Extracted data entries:
-=-=-

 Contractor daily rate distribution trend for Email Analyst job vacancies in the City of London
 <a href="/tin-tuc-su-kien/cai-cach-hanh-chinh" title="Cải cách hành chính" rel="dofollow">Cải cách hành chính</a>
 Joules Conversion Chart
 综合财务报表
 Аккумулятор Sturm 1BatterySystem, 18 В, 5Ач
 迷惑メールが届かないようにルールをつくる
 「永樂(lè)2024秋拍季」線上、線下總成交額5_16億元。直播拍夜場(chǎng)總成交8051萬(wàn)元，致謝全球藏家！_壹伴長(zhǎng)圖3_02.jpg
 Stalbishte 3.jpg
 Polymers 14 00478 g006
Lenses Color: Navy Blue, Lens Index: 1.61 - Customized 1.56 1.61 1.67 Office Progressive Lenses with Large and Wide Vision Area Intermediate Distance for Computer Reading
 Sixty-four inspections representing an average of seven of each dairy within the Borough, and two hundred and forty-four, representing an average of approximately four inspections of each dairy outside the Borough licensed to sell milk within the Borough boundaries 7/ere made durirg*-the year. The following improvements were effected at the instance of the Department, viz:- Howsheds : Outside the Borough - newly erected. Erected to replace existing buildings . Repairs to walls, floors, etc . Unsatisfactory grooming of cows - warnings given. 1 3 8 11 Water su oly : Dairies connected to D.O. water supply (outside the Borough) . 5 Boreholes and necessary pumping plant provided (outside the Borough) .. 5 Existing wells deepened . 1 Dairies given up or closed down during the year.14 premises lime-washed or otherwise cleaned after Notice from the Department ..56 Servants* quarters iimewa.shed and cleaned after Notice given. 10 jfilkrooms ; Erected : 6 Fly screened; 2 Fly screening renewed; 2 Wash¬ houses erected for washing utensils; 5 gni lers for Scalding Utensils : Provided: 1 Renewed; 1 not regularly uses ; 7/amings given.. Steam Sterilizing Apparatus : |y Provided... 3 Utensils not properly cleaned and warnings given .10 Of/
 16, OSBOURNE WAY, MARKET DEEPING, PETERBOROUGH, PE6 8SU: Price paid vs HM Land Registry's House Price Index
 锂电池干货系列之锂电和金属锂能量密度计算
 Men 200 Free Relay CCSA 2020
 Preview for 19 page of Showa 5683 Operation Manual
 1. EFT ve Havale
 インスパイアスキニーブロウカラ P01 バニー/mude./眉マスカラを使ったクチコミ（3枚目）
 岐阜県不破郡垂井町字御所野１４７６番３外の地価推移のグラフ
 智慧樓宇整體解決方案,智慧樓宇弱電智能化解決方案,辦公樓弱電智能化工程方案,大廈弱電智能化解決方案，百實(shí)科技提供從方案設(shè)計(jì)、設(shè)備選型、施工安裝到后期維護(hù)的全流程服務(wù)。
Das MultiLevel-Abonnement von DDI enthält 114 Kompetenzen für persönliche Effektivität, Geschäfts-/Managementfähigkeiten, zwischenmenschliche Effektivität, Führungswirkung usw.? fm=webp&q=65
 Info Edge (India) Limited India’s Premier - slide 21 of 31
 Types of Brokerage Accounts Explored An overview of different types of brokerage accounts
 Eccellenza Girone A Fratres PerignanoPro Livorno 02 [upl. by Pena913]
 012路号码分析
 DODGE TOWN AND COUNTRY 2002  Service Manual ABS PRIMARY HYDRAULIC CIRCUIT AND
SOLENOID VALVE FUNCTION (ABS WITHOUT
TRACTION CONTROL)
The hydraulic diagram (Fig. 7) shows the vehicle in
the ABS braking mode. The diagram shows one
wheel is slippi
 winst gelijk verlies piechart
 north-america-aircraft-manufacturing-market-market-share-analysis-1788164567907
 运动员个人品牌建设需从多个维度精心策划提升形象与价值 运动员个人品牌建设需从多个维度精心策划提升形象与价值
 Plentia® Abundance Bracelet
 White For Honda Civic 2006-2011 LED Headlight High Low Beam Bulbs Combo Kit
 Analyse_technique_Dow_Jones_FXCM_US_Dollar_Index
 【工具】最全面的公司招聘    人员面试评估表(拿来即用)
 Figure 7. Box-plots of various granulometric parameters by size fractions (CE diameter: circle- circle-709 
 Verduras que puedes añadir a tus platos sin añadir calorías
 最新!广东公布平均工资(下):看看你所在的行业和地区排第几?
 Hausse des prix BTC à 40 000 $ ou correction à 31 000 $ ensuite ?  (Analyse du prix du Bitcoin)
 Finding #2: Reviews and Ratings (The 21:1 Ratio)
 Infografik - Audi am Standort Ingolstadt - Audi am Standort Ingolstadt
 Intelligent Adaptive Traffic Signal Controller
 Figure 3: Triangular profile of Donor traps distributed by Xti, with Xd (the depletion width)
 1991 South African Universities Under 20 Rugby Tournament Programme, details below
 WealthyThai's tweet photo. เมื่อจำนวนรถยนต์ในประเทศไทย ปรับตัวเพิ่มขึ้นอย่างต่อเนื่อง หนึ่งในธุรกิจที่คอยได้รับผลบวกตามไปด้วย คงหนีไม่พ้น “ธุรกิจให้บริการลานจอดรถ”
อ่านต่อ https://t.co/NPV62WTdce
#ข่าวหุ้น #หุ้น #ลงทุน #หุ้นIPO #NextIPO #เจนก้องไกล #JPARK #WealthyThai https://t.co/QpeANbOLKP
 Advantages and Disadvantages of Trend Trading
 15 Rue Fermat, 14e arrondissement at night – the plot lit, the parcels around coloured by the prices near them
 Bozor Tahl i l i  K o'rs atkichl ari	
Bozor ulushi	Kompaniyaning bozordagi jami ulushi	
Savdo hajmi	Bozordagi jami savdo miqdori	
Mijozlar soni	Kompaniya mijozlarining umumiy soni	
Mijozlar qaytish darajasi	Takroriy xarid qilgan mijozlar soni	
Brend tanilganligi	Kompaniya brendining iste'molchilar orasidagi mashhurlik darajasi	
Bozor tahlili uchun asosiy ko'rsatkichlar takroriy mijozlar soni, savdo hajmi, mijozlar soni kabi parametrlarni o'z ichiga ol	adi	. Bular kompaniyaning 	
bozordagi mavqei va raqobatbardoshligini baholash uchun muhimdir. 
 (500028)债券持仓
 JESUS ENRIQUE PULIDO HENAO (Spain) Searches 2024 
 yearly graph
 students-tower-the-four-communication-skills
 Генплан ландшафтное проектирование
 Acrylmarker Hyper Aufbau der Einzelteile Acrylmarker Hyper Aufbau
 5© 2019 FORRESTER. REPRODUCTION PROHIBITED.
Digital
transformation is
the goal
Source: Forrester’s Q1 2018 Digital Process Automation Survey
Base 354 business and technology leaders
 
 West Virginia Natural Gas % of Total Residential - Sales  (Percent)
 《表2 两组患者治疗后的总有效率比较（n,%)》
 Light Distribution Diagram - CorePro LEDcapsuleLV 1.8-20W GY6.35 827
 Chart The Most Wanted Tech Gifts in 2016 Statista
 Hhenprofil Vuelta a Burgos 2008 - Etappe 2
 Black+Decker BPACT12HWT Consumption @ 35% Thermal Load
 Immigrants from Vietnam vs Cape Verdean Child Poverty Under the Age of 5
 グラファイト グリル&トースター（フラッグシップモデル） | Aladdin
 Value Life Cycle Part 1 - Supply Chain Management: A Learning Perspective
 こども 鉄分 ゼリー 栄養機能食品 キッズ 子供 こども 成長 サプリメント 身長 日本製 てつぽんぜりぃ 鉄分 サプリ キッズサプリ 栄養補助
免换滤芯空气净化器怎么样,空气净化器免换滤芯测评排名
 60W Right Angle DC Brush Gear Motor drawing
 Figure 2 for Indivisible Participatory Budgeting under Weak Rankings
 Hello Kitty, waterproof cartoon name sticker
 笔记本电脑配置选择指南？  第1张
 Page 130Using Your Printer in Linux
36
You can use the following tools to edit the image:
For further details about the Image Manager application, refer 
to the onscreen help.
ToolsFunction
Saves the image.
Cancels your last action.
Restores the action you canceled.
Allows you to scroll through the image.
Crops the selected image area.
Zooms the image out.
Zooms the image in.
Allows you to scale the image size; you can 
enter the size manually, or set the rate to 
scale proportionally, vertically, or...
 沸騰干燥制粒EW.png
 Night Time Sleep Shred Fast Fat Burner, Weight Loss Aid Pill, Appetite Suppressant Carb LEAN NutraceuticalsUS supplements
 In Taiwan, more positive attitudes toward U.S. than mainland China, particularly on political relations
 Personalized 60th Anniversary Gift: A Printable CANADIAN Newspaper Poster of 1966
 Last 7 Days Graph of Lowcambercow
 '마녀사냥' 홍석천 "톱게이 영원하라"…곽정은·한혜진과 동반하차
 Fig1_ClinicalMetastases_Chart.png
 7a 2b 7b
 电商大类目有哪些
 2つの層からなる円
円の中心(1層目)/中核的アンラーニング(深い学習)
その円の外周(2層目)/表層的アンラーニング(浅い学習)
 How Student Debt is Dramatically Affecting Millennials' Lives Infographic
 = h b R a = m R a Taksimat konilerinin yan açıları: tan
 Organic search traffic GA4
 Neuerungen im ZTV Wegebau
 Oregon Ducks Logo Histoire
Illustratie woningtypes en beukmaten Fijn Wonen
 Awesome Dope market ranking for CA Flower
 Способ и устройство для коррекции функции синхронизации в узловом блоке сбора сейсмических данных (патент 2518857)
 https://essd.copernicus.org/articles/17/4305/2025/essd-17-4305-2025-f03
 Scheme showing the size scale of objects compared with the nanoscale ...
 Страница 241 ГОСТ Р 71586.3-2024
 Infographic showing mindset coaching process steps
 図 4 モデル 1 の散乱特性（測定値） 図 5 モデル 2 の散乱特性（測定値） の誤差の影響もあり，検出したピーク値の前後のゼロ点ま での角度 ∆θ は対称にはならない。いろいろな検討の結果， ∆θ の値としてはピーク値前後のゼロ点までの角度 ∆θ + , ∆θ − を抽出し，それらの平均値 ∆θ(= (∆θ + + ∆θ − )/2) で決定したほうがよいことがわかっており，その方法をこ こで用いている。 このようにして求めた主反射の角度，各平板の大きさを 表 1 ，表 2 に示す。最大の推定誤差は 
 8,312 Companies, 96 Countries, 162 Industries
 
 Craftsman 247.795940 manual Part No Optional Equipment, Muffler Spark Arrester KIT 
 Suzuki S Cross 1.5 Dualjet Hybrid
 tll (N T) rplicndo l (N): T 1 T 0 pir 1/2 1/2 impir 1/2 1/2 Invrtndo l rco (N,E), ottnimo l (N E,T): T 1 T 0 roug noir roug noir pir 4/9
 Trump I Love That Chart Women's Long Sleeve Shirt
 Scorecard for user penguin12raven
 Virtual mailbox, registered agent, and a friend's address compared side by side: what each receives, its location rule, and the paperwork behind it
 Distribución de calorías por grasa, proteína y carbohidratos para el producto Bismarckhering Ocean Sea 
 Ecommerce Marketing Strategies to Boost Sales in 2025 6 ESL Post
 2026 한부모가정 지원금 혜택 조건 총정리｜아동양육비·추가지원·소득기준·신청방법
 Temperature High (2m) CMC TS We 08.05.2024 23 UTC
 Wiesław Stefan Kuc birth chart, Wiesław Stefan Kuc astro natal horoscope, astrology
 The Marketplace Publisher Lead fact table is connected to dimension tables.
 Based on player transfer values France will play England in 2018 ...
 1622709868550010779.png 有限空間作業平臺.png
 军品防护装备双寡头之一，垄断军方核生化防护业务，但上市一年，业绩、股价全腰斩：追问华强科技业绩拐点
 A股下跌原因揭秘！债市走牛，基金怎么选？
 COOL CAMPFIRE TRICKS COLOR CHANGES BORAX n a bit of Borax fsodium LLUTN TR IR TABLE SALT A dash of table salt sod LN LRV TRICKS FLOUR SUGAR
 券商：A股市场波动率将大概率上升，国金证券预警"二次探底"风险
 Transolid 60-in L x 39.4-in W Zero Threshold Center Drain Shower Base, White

-=-=-

• _Your assignment_: Reproduce exactly, please, only the lines from the start of the data above to the line that contains "Lenses Color: Navy", with both ends kept.

• _Solution to this task_:
 Contractor daily rate distribution trend for Email Analyst job vacancies in the City of London
 <a href="/tin-tuc-su-kien/cai-cach-hanh-chinh" title="Cải cách hành chính" rel="dofollow">Cải cách hành chính</a>
 Joules Conversion Chart
 综合财务报表
 Аккумулятор Sturm 1BatterySystem, 18 В, 5Ач
 迷惑メールが届かないようにルールをつくる
 「永樂(lè)2024秋拍季」線上、線下總成交額5_16億元。直播拍夜場(chǎng)總成交8051萬(wàn)元，致謝全球藏家！_壹伴長(zhǎng)圖3_02.jpg
 Stalbishte 3.jpg
 Polymers 14 00478 g006
Lenses Color: Navy Blue, Lens Index: 1.61 - Customized 1.56 1.61 1.67 Office Progressive Lenses with Large and Wide Vision Area Intermediate Distance for Computer Reading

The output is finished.